Yaşamın demokrasi konulu dersinin neresindesin? Dün yaşananları temize çektin mi, kendinden memnun musun? Yoksa kandırdın mı? Neresinden bakarsan bak, başarılı bir seçim sahtekarlığı inşası kan, ter ve gözyaşı isteyen demokrasiye duyulacak güven ihtiyacını kaybettirir. Örneğin, küçücük bir seçim bölgesinde sonucu değiştirmek için minicik bir miktar dolandırıcılık yeterlidir. Seçimin sonucunu etkilemese bile sahtekarlığın açığa çıkması seçmenin demokrasiye duymak istediği güven duygusunu azaltır. He. Orayı geçtik mi? Peki. Aslında dünyanın iri demokratik ya da az demokratik ülkelerinin neredeyse hepsinde seçmen, sandık ve seçilen üçlüsü çerçevesinde gerçekleştirilen demokrasicilik oyunu sırasında cebren ve/veya hile ile üçlünün hepsine birden ya da birine istediğini yaptırma, manipüle etme durumu var. Gücü elinde tutan yapar. Örneğin bunu yapmanın bir yolu, seçimlerden önce fazla sayıda seçmeni etkili olması istenen sandık bölgesine taşımak olabilir. Bunun için geçici ikamet adresleri oluşturma diye bir şey de mevcut. Bazı ülkeler bu durum yaşanmasın diye seçmenin, yaşadığı yerde en az altı ay kadar yaşamış olması zorunluluğunu getiriyor. Ama çağımızda her tür devlet işi bilgisayarlar aracılığı ile gerçekleştiğinden, kişiler elektronik beyin tabakasının içinde çok seçenekli genel soru/cevap kutucuklarına hapsolduğundan, hoş Orwell’in 1984’ünde her şey elle…
Bu da mı değil? Peki.
İnşaat fazlası konutların satılmaması, kiralanmaması durumunda boş adreslere (toplu konutlar gibi) seçmen yerleştirme diye de bir uygulama olabiliyor. Ya da toplu konut satın almaya hak kazanan kişilerin belirli bir partiye oy vermesi şartıyla evler geçici olarak dağıtılabiliyor. Mesela muhafazakâr parti üyesi Shirley Porter, İngiltere’de, Westminster kentinde konsey üyeliğine seçilsin diye böyle bir iş yapmış. 1980’lerin konut skandalı olarak bilinir (Porter politikadan men cezasıyla birlikte devlete 12 milyon İngiliz Sterlin’i ödeme cezası aldı).

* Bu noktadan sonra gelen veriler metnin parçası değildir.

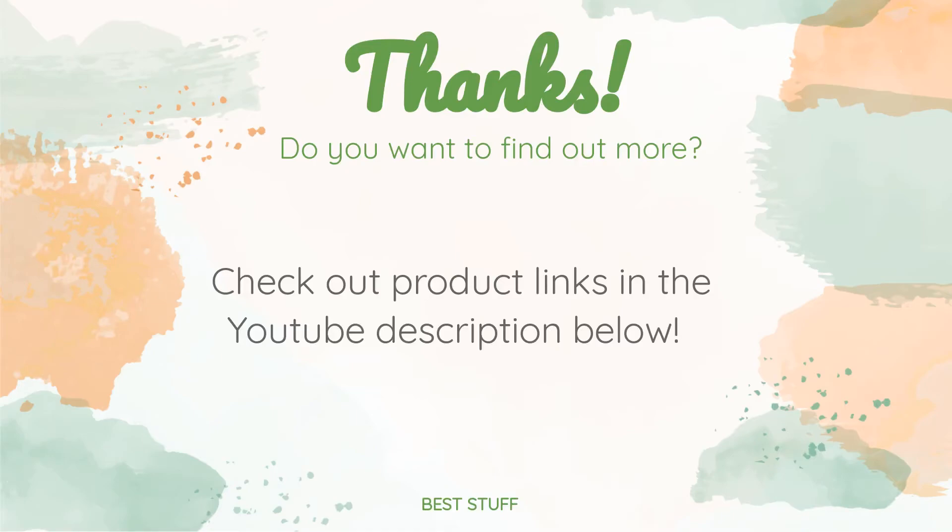Thanks for watching and hope you liked it! As always, all the links about the products will be in the description below. So if you want to find the best prices and more information that we might not get a chance to mention in the video, be sure to check them out.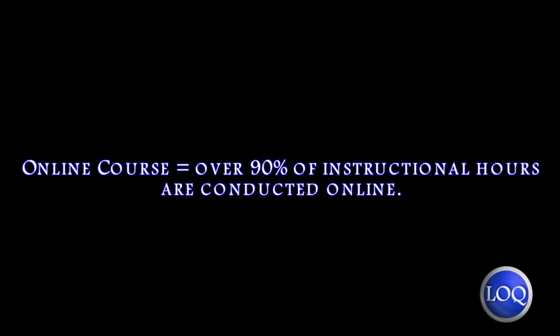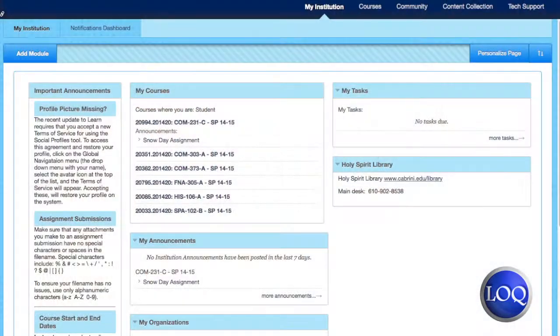I'm taking an online class for Global Leadership and it's a three-credit course. How the course works is the assignments are given to you every Thursday and you have ten days to complete them until the following Sunday, and you submit everything on Blackboard.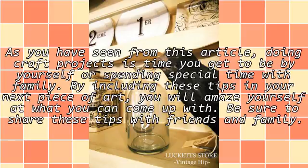As you have seen from this article, doing craft projects is time you get to be by yourself or spending special time with family. By including these tips in your next piece of art, you will amaze yourself at what you can come up with. Be sure to share these tips with friends and family.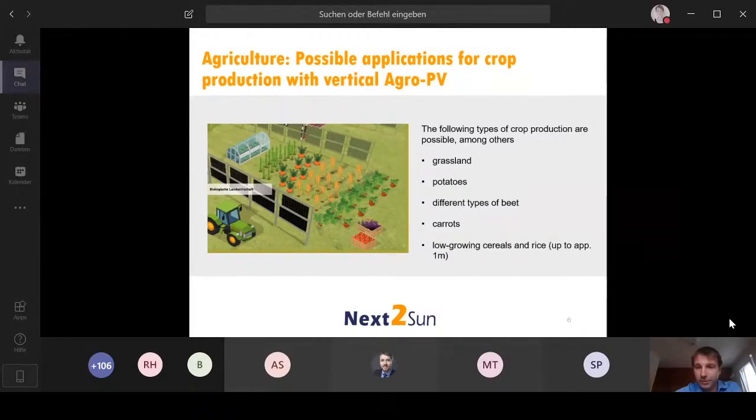Corn doesn't make sense at all, but for some kinds of cereals it would work. If crops are slightly higher, we can adjust the system to make it a bit higher. Alternatively, you can focus the agricultural use more toward the middle and leave some space on the left and right to avoid shadowing. So there are degrees of freedom to bring agriculture and energy production into productive cooperation.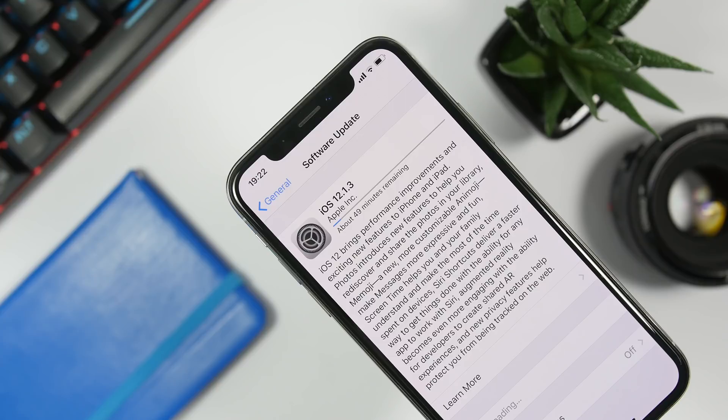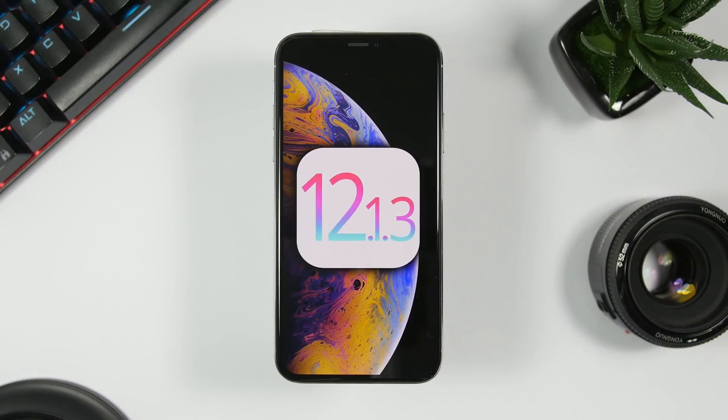If you don't care about jailbreaking, go ahead and update to iOS 12.1.3 — that's the newest release by Apple. Hopefully we will see iOS 12.2 beta 1 very soon. That's pretty much it for this video, just to inform you about this new release and what's new. Thanks for watching, don't forget to subscribe for more, and I'll see you on the next one.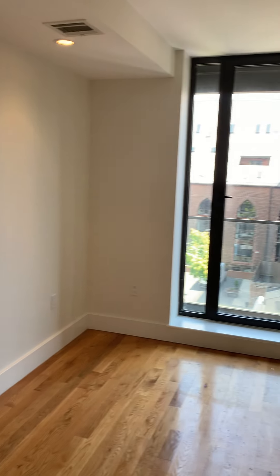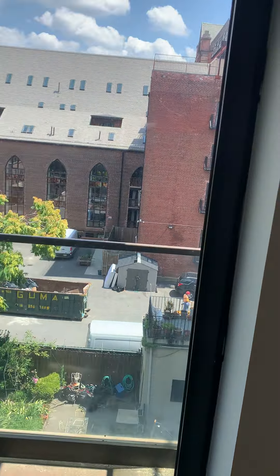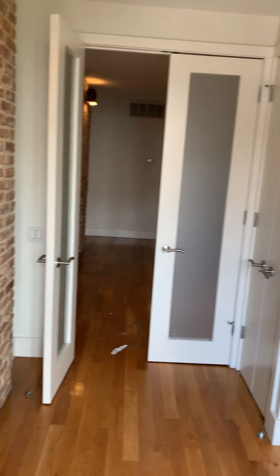The first bedroom is right through these doors. It is big enough for a queen-size bed and you do have the Juliet balcony here. The bedroom does come with a closet.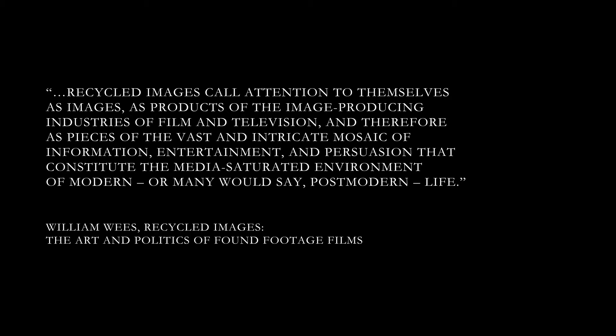Recycled images call attention to themselves as images, as products of the image-producing industries of film and television, and therefore as pieces of the vast and intricate mosaic of information, entertainment, and persuasion that constitute the media-saturated environment of modern, or many would say, post-modern life. — Willem Weiss, Recycled Images: The Art and Politics of Found Footage Films.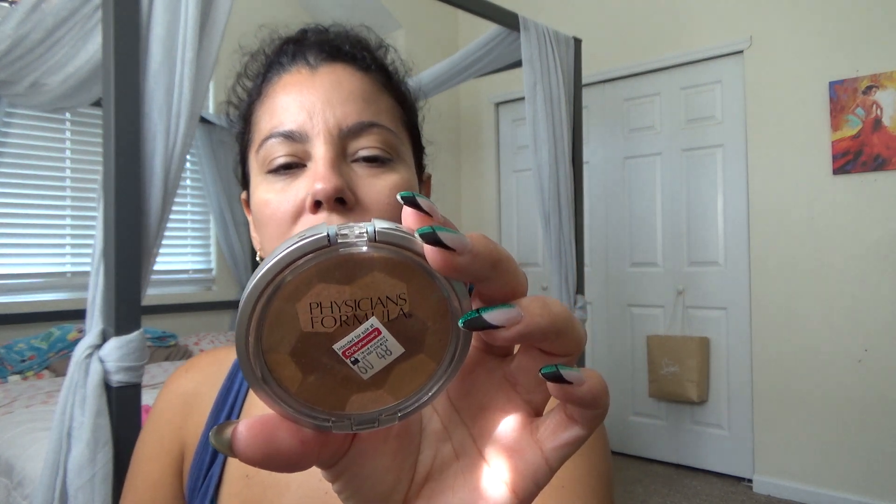Ta-da! Not much of a difference. My concealers and everything I use are very close to my skin color, unless I'm looking for a really bright brightening look, then I'll use something lighter. I also bought this Physician's Formula — it says bronzer, but I don't really use it as a bronzer. I use it like a contour.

Başka bir yoldan da bahsetmek mümkün. Seçim demografisini değiştirmek için göçmenlik yasası da kullanılabiliyor. Örneğin Malezya’da muhafazakâr parti Sabah bölgesinde iktidarını devam ettirebilmek için Filipinler ve Endonezya’dan gelen göçmenlere oy hakkıyla birlikte vatandaşlık vermişti (Detaylı okuma için: Bu tartışmalı sürecin adı Project IC olarak belirlenmiş; arama motorlarında var).
Kendine demokratik diyen bazı ülkelerde belli bir gruba ait insanların (hadi diyelim siyah ırkın) oy kullanma hakkından mahrum bırakılması da olabiliyor. Devletler seçmen kayıtlarına genel engeller getirip, okuryazarlık ve/veya anlama testleri gibi zorunluluklarla etnik bir grubun oy kullanmasının önüne geçiyor. Bilirsiniz, bunlar nerede oluyor. Hem de 1900’lü yılların başından beri…
Örnekleri çoğaltmak mümkün. Bizde olmaz. He.
Her şey yolunda ve namusuyla gitse bile şöyle şeyler de olabilir: Ülkenin bir yanında seçimle gelen yerel yöneticilerin görev yapmaları devlet eliyle alınır, mesela. Yerine iktidar partisi görevlisi atanır (O ne banyoydu ama!) Seçilmiş olanı bir yolunu bulup hapse gönderirler. Orada bulunan halk bu haksız durum karşısında sesini duyurmak için başını kaldırdığında ülkenin başka bir yerinde bulunanlar ses çıkartmayarak demokrasi konulu dersten çakarlar. Bu bir kurtarma sınavıdır. Ya da şövalenin yerini değiştirip, başka yerden bakma zamanı. Ya da damdan düşmeyenin kalmadığı bir yerde haklı ve halklı bir mücadelede buluşma zamanı. Merkeziyetçi yapı karşısında herkes periferide artık. Yapılacak tek şey, sınırlarda var olmak. Dönüştürücü anlamlar orada.